Colombian President Juan Manuel Santos is hoping a decade of US-backed blows against the FARC has left the group sufficiently weakened to seek an end to the war.
In the most deadly attack since the two warring sides started negotiations in mid-October, an airstrike followed by a ground assault on three FARC camps in the southwestern Narino department killed at least 20 rebels late on Sunday.
“On the strength of the attack we found human remains that are in the process of being identified. We’re talking about more than 20 dead, but the figure could be higher,” General Leonardo Barrero, head of the Joint Command Southwest, told Reuters.
Barrero said that security forces have so far been able to identify six of the bodies.
Narino is a microcosm for a range of problems facing Colombia – weak government presence, drug production, poverty, and the presence of guerrillas and new criminal gangs that sometimes fight, sometimes become allies.
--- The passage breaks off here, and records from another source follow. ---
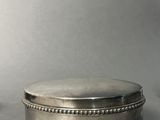 a silver box with a beaded lid sitting on a table
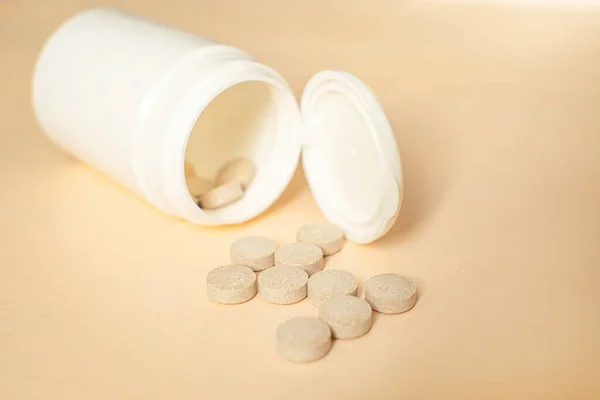 Medicijnfles met tabletten. Pillen van de fles op de perzik achtergrond. Brouwersgist met zink. — Stockfoto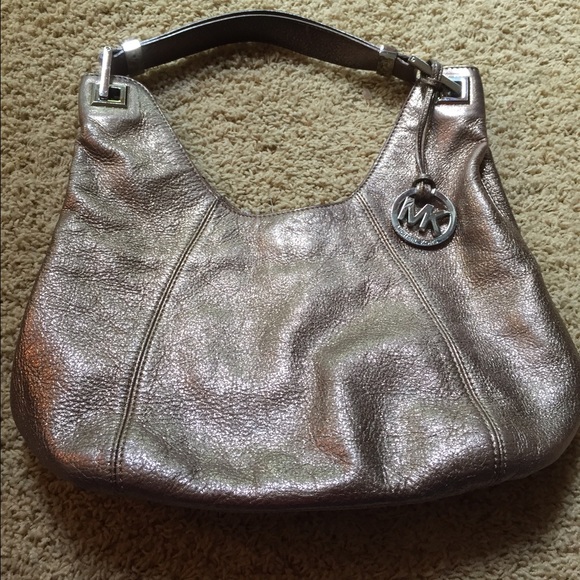 Michael Kors gold purse (sale for @cbowlin)
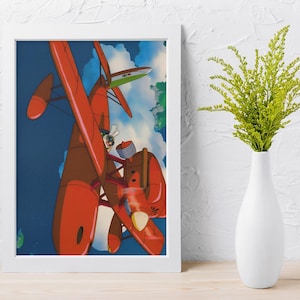 May include: Framed art print featuring a vibrant illustration of a red seaplane in flight against a blue sky with clouds. The artwork showcases a pilot in the cockpit, with a green and white wing in the background. The print is in a white frame.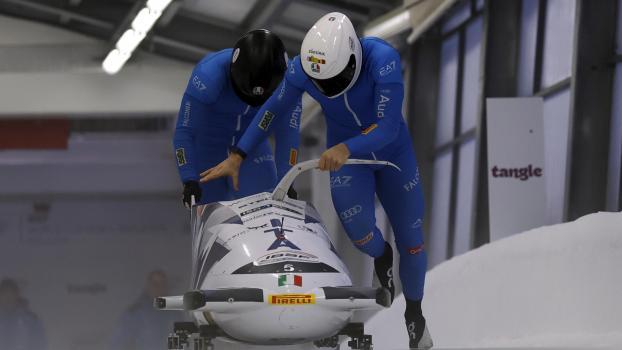 Patrick Baumgartner (front) and Robert Mircea finished in eighth place. © ANSA / TOMS KALNINS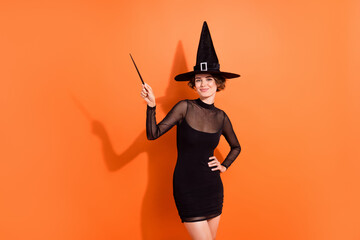 Photo of cute young woman point wooden wand hogwarts theme event dressed trendy black halloween witch look isolated on orange background - obrazy, fototapety, plakaty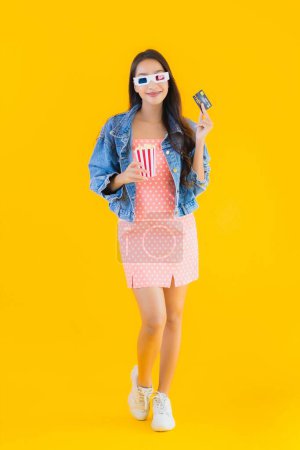 Photo for Portrait beautiful young asian woman ready to watch movie with popcorn and credit card on yellow isolated background - Royalty Free Image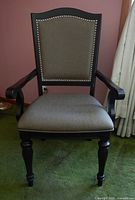 Front view of upholstered dining armchair showing frame, upholstery, nailhead trim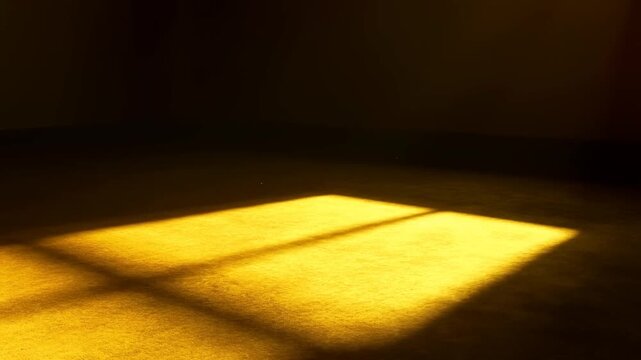 Sunlight beam projecting rectangular shape onto dusty floor in dark empty room interior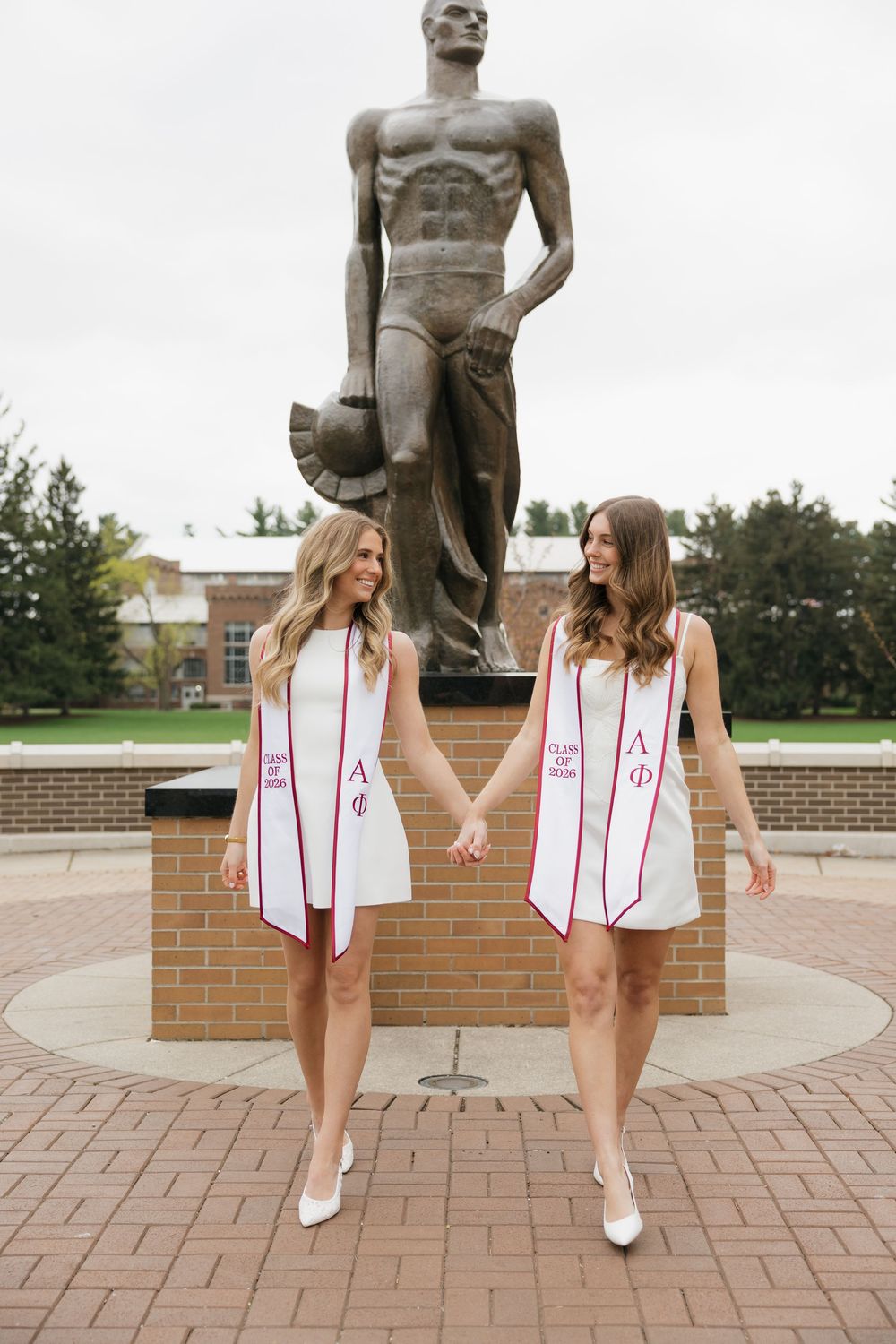 Two blonde graduates in white dresses with Alpha Phi stoles posing by Spartan statue.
Peace talks, which are taking place in Cuba, are trying to tackle some of the root causes of the conflict such as agrarian development, drugs, political participation of opposition groups and victims’ reparations.
Santos said at the weekend that the discussions should not drag on for too long and said they must be completed by November next year or earlier. The rebels have said they would remain at in negotiations as long as necessary.